> Assigned task
Your copy must hold all of the data below, unchanged and without images.

> Collected data
════
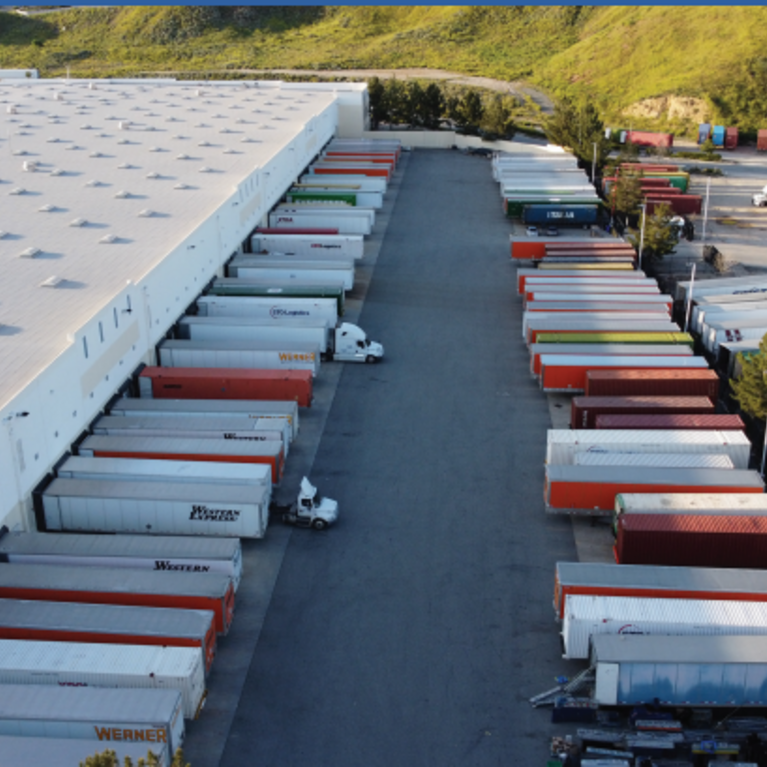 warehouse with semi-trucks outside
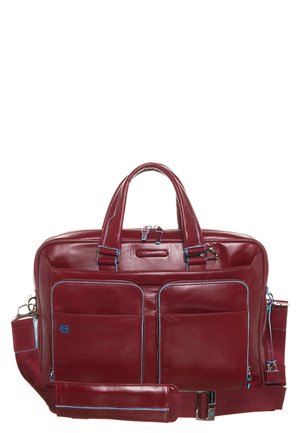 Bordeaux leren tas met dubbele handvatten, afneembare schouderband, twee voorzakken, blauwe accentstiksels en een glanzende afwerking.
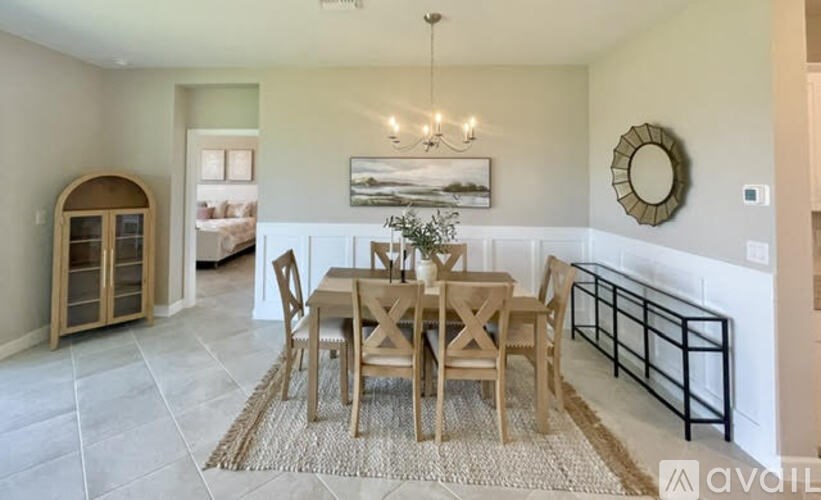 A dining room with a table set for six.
════
> Your solution
 warehouse with semi-trucks outside
 Bordeaux leren tas met dubbele handvatten, afneembare schouderband, twee voorzakken, blauwe accentstiksels en een glanzende afwerking.
 A dining room with a table set for six.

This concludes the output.